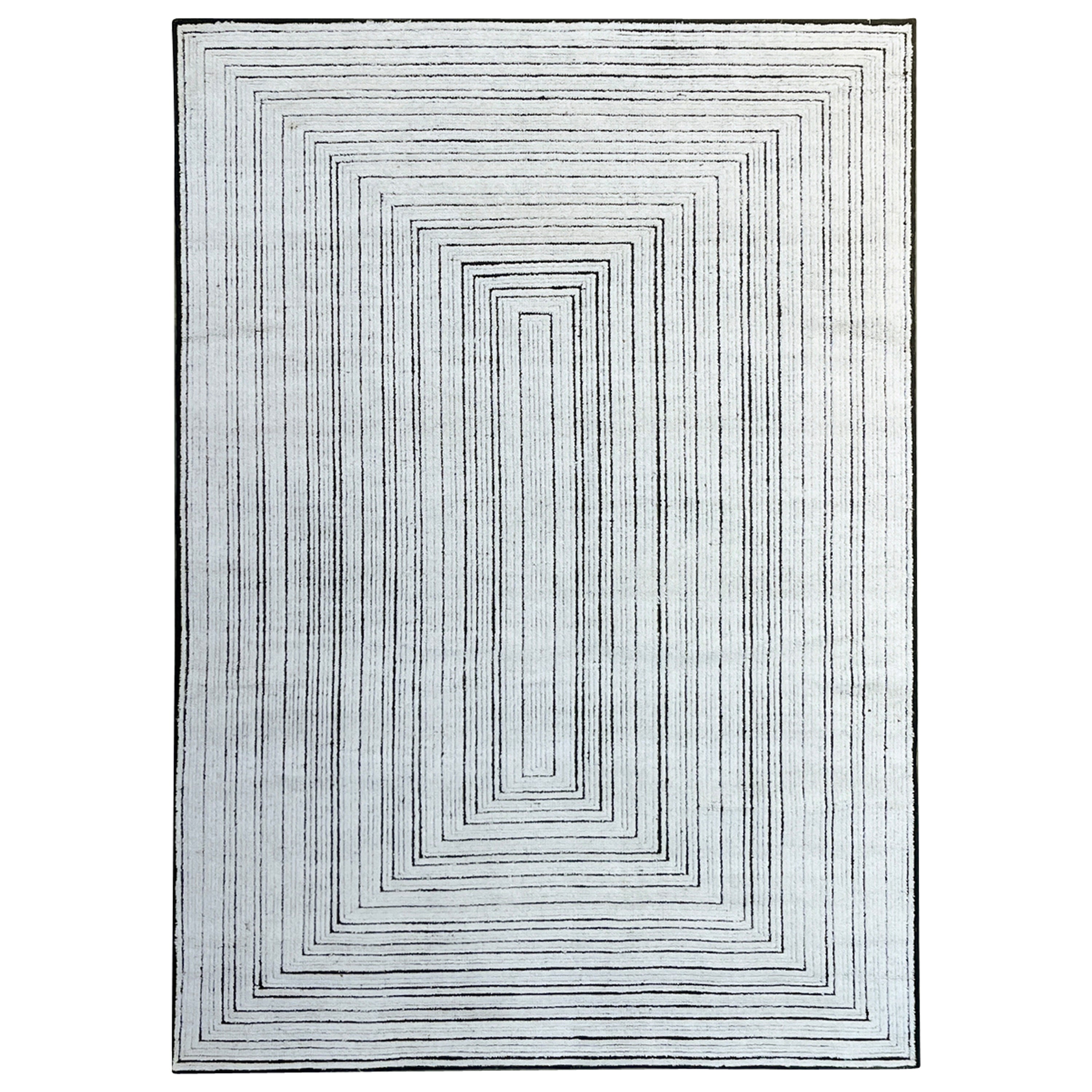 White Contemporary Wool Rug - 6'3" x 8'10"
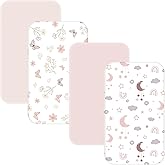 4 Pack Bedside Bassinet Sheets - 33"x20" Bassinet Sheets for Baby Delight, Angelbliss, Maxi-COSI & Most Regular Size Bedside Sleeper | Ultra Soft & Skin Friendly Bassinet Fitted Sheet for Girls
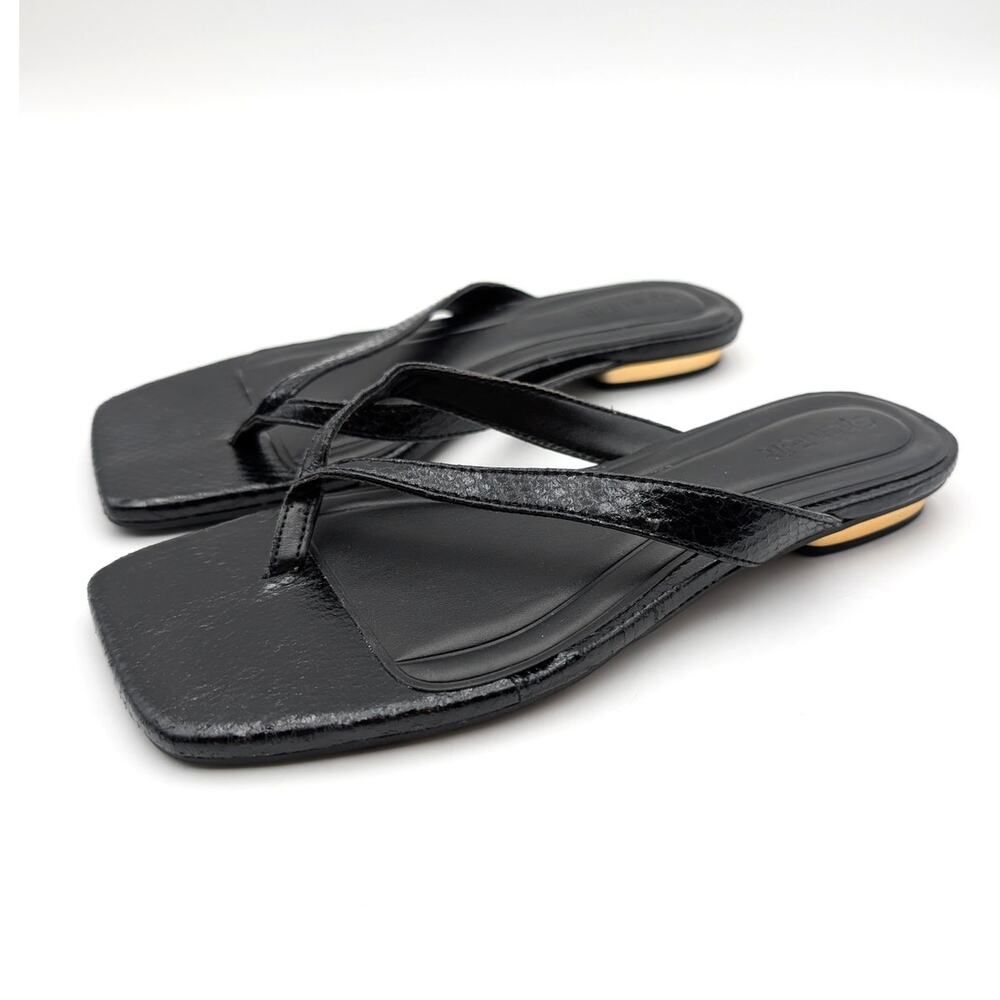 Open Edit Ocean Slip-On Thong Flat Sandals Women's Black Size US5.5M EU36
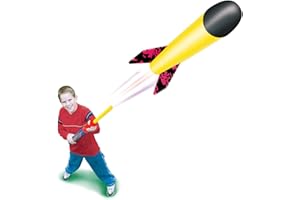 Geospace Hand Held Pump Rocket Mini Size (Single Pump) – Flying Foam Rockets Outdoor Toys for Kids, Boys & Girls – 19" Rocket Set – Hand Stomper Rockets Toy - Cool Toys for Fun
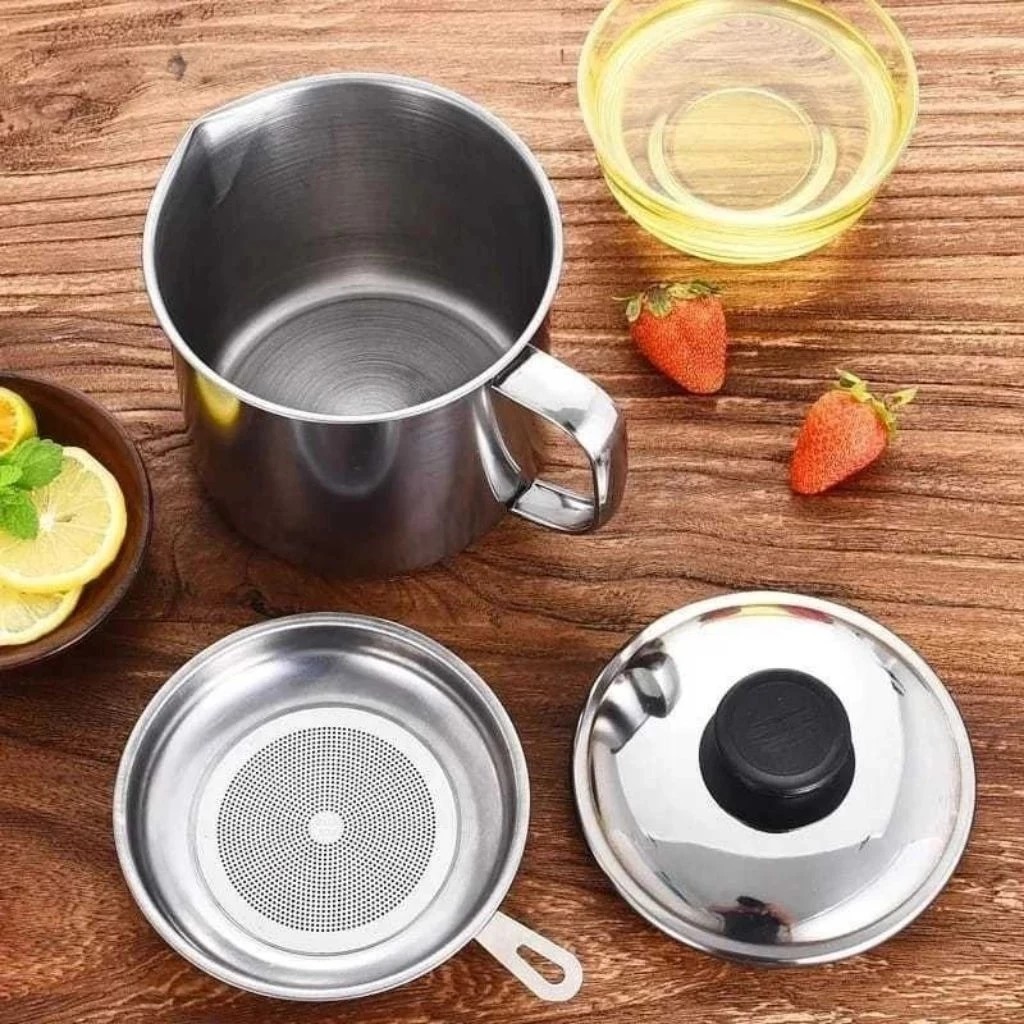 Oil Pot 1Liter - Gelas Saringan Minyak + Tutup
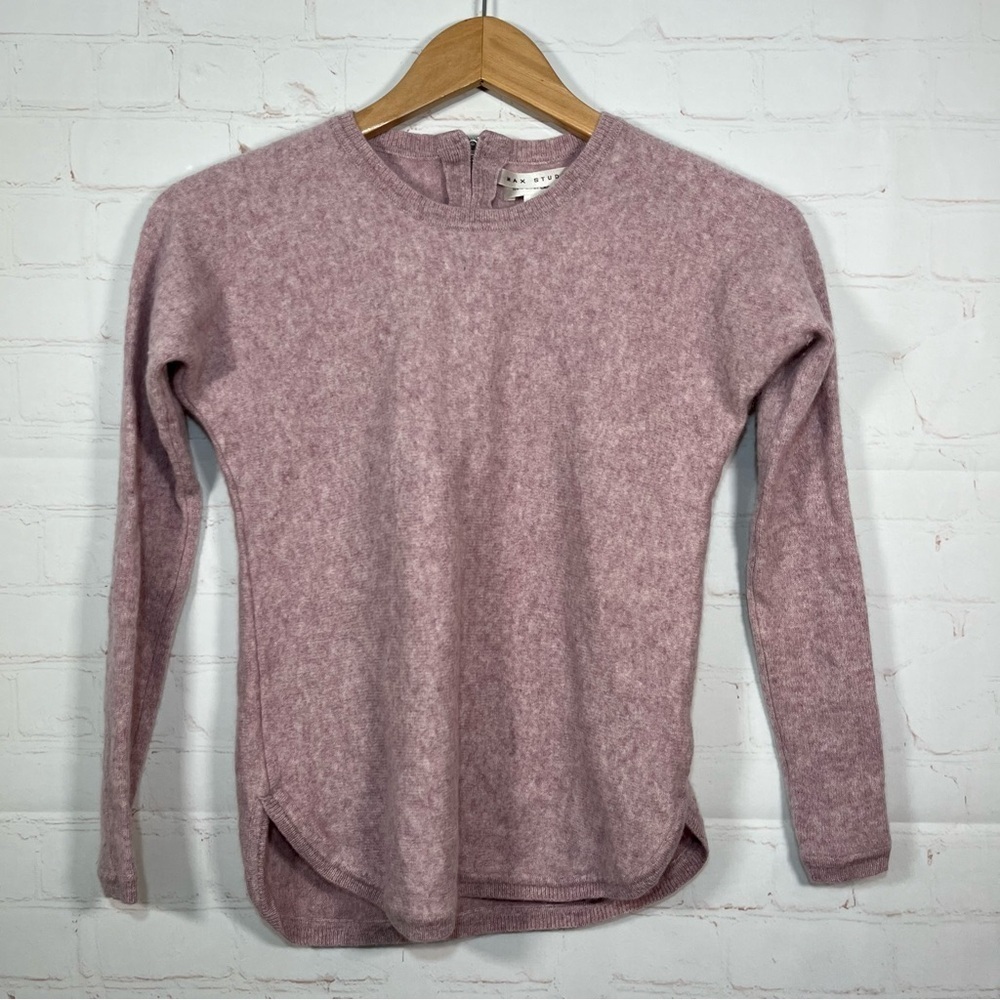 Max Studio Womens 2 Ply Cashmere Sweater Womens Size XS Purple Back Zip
--
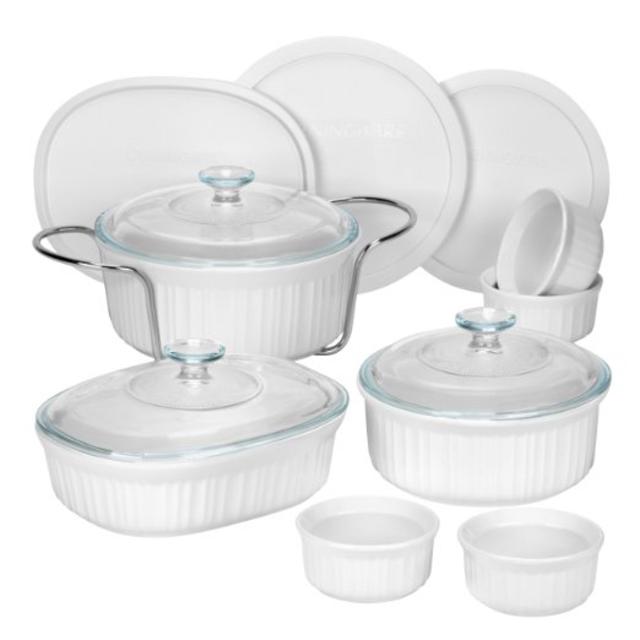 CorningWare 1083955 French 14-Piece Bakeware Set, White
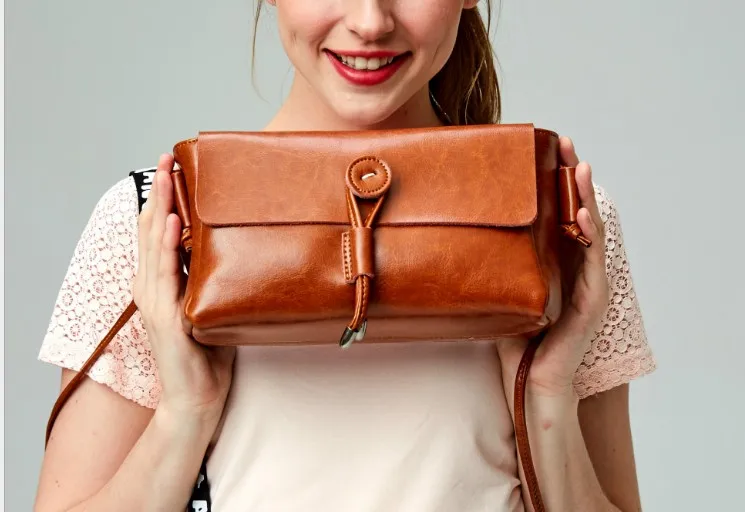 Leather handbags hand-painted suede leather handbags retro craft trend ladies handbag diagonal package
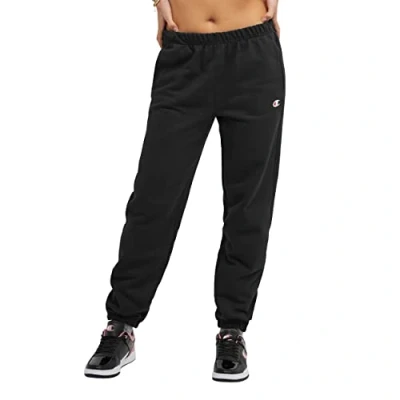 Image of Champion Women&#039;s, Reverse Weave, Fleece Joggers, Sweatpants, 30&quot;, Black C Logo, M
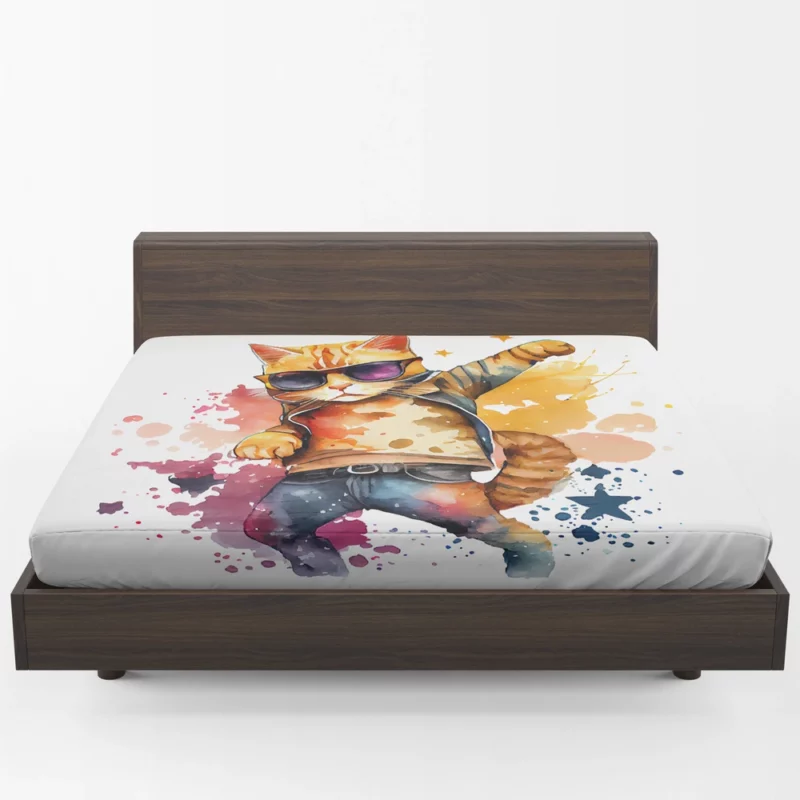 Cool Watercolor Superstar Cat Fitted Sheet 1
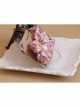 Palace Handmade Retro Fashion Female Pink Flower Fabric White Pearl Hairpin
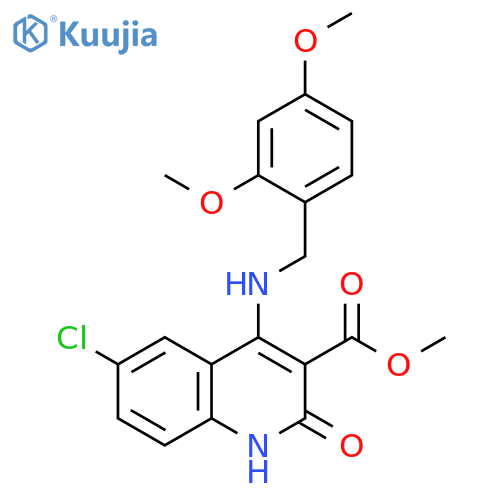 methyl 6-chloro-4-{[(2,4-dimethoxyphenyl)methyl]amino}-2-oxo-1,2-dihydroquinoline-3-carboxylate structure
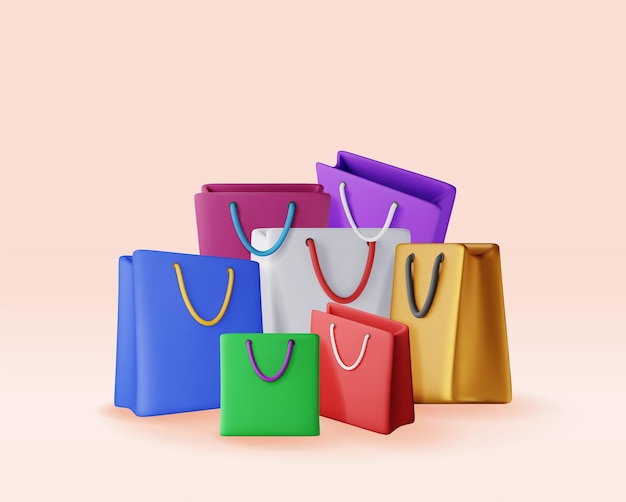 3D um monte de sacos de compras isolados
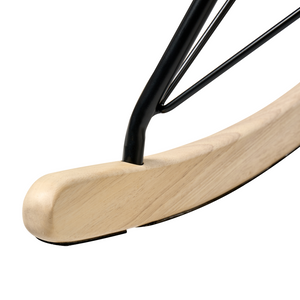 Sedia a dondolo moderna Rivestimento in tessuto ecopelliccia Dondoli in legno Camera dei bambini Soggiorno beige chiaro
* * *
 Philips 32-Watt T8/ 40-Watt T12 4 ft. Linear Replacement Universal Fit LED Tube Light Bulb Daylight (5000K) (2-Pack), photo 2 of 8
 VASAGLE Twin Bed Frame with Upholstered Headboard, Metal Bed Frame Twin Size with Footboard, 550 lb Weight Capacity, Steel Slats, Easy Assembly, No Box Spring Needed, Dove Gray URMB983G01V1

▶ [The task]: With the pictures left out, write out exactly the lines above from the one containing "Leather handbags hand-painted" through the one containing "Sedia a dondolo".

▶ [Output of the task]:
 Leather handbags hand-painted suede leather handbags retro craft trend ladies handbag diagonal package
 Image of Champion Women&#039;s, Reverse Weave, Fleece Joggers, Sweatpants, 30&quot;, Black C Logo, M
 Cool Watercolor Superstar Cat Fitted Sheet 1
 Palace Handmade Retro Fashion Female Pink Flower Fabric White Pearl Hairpin
 methyl 6-chloro-4-{[(2,4-dimethoxyphenyl)methyl]amino}-2-oxo-1,2-dihydroquinoline-3-carboxylate structure
 3D um monte de sacos de compras isolados
 Sedia a dondolo moderna Rivestimento in tessuto ecopelliccia Dondoli in legno Camera dei bambini Soggiorno beige chiaro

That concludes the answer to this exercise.